• _Work to complete_: Your job is to print, exactly, the lines in the data below from the line with "Pulsera Tejida Negra" through the line with "Un dormitorio con", both included, and to omit any picture.

Source data Start Marker

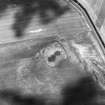 Morham Mains, oblique aerial view, taken from the NW, centred on the cropmarks of a settlement.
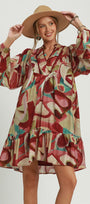 A woman modeling a bohemian-style long-sleeve dress with an abstract multicolor print in red, beige, pink, and teal, wearing a wide-brimmed tan hat against a light gray studio background.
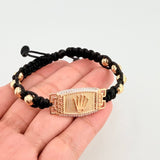 Pulsera Tejida Negra Placa Punteada Corona Bolas Diamantadas Dos Oros Amarillo Blanco 18K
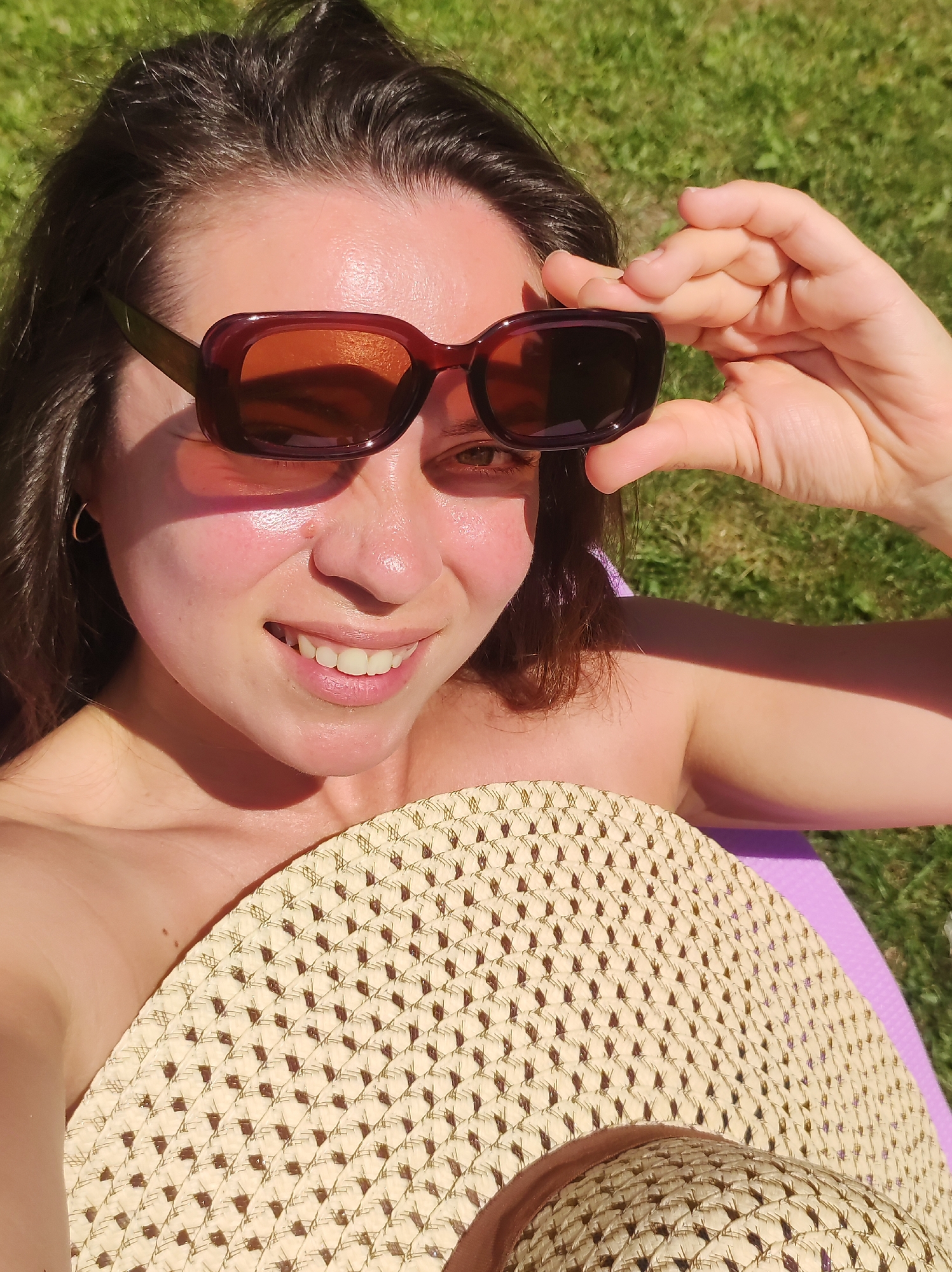 A young woman with dark hair and brown eyes is outdoors on a sunny day, looking at the camera while adjusting her sunglasses. She is wearing a straw hat. The background is a grassy area. The image does not provide information to determine a location in the city of Фоки, Russia.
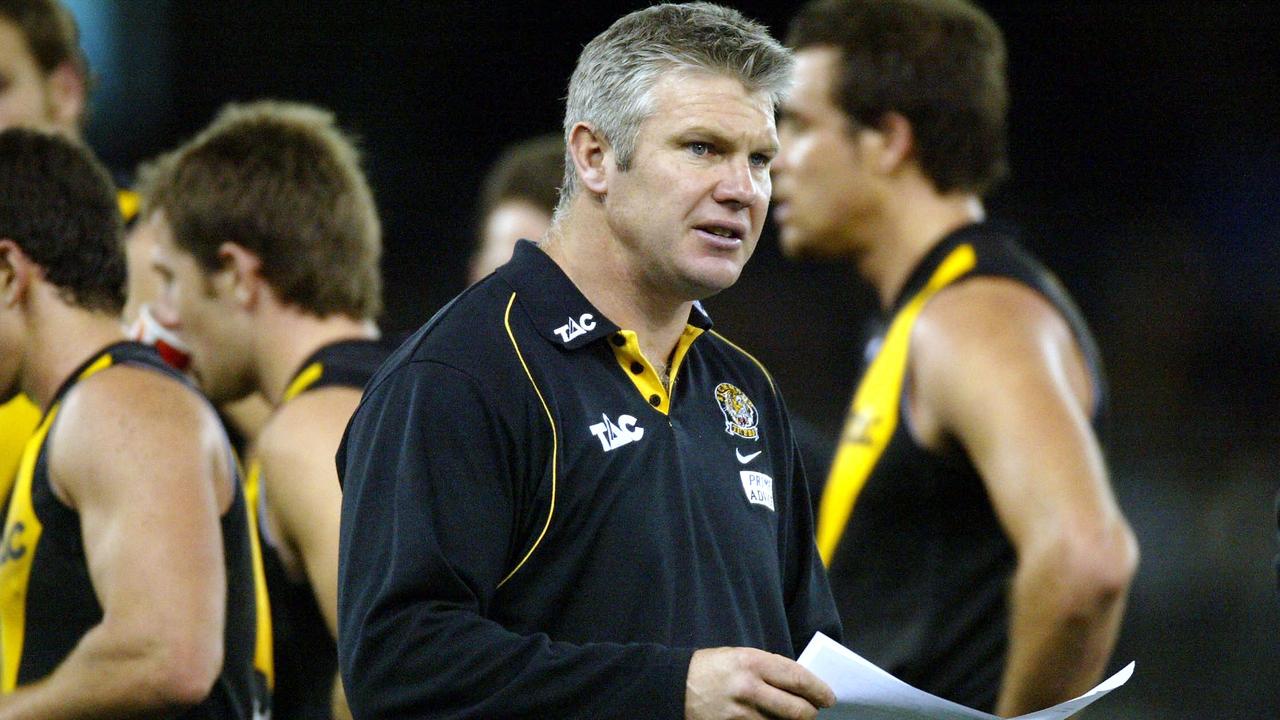 12/07/2003. Coach Danny Frawley leaves the 3/4 time huddle. Richmond v Geelong. Telstra Dome. Digital Image.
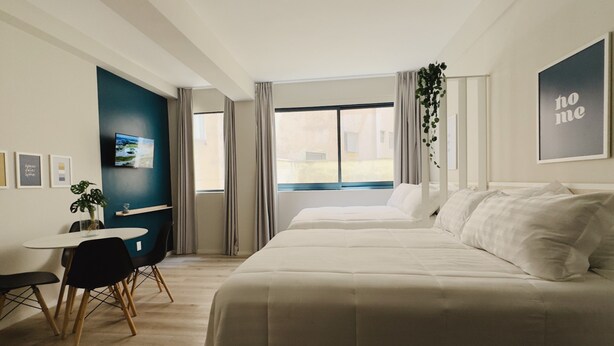 Un dormitorio con una cama grande, un escritorio y una ventana con cortinas.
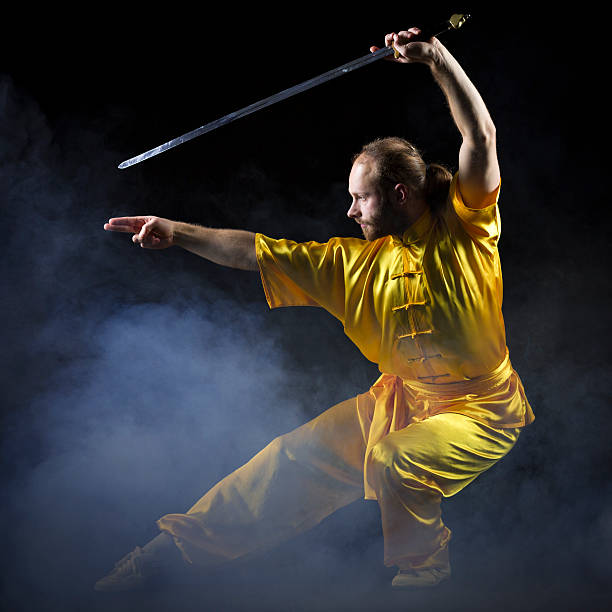 kung fu fighting position mit jian schwert auf dunklem hintergrund - wushu action aggression power stock-fotos und bilder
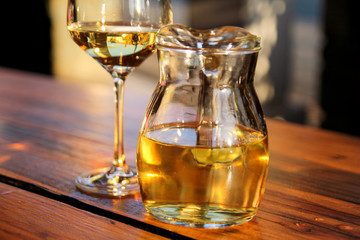 Bottle of white wine and glass on wooden table top. Glass of chilled white wine on table near the beach, in a restaurant tavern.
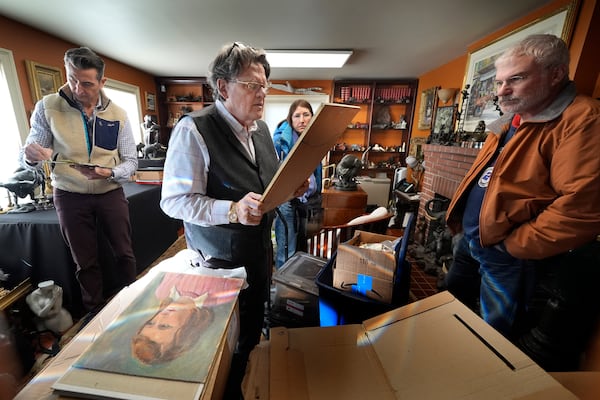 Appraiser Kaja Veilleux examines a painting brought in by Wanda Morris, background, and her husband, Jeff Morris, right, while associate appraiser Darrin Guitreau, left, takes notes, at Thomaston Place Auction Galleries, Tuesday, Nov. 19, 2024, in Thomaston, Maine. (AP Photo/Robert F. Bukaty)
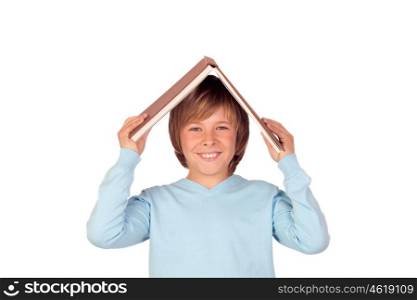Preteen boy with a big book oh his head isolated on white background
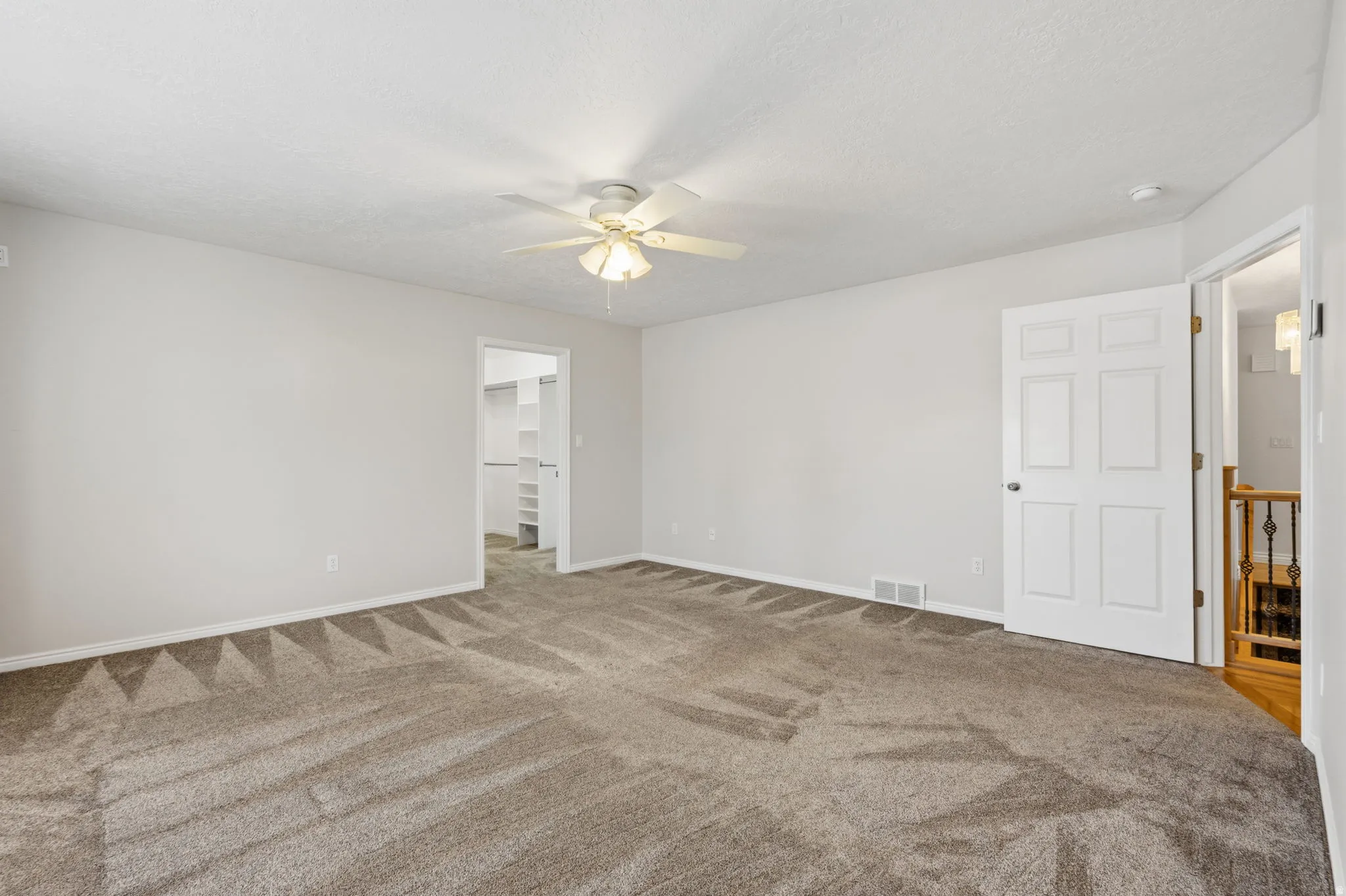Wall-to-wall carpeting in a neutral tone, ceiling fan with integrated lighting, and a closet with built-in shelving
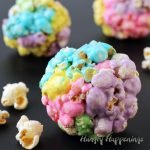 Multi-colored Peeps Popcorn Balls are simple to make using 3 ingredients and will brighten up your dessert table or basket this Easter.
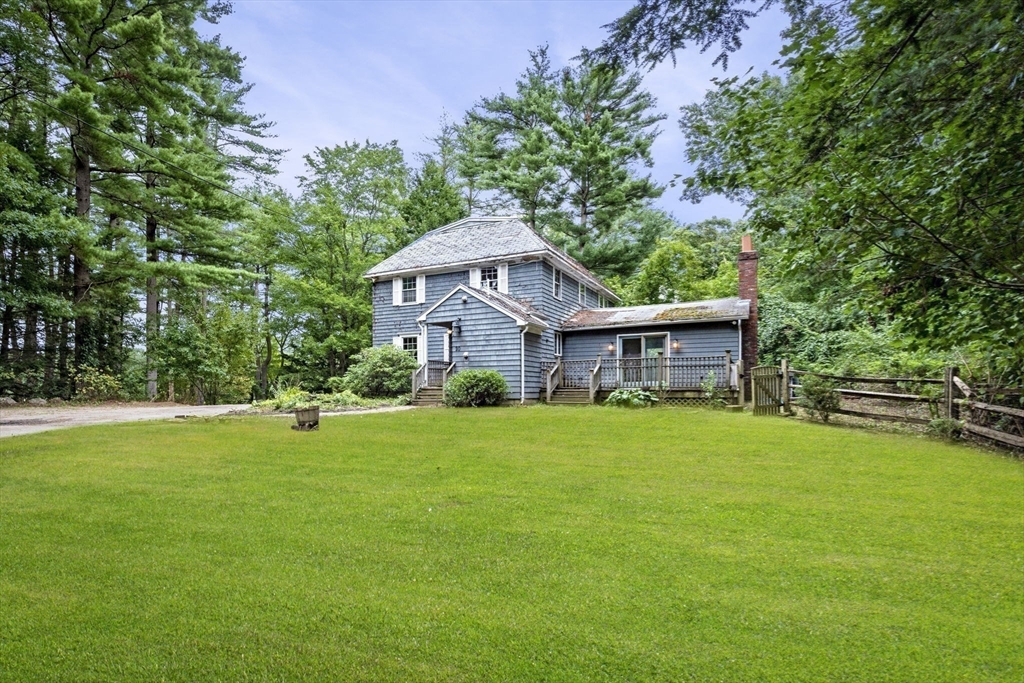 20 Main Street Boxford, MA 01921 - Photo 34 of 40 a front view of a house with garden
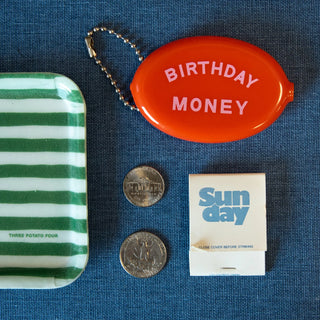 A charming vintage-inspired accessory display features a striped tray, two coins, an orange oval Coin Pouch labeled "Birthday Money" from Three Potato Four, and a matchbook with the text "Sunday," all arranged on a blue surface.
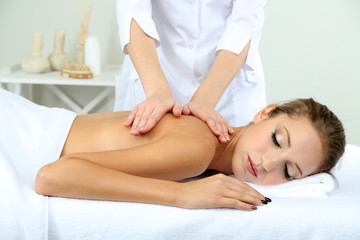 Fototapeta na wymiar Beautiful young woman having back massage close up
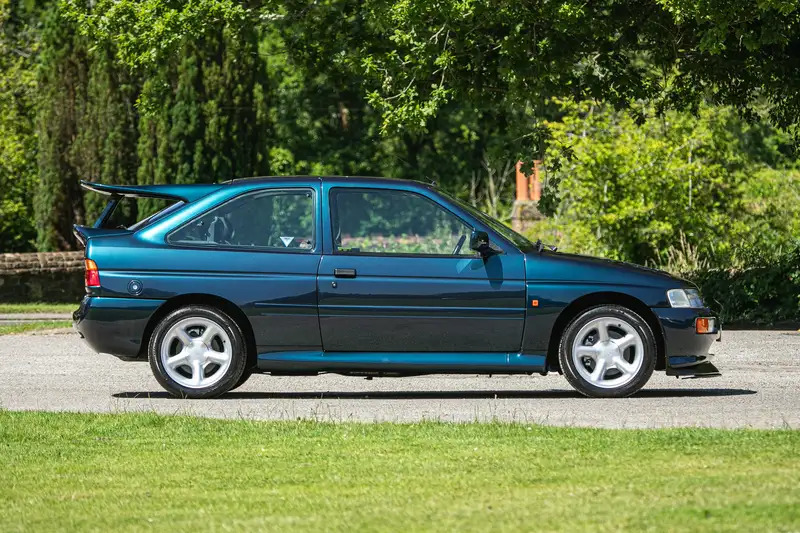 a blue sports car is parked in a grassy area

Source data End Marker

• _Answer section_:
 Pulsera Tejida Negra Placa Punteada Corona Bolas Diamantadas Dos Oros Amarillo Blanco 18K
 A young woman with dark hair and brown eyes is outdoors on a sunny day, looking at the camera while adjusting her sunglasses. She is wearing a straw hat. The background is a grassy area. The image does not provide information to determine a location in the city of Фоки, Russia.
 12/07/2003. Coach Danny Frawley leaves the 3/4 time huddle. Richmond v Geelong. Telstra Dome. Digital Image.
 Un dormitorio con una cama grande, un escritorio y una ventana con cortinas.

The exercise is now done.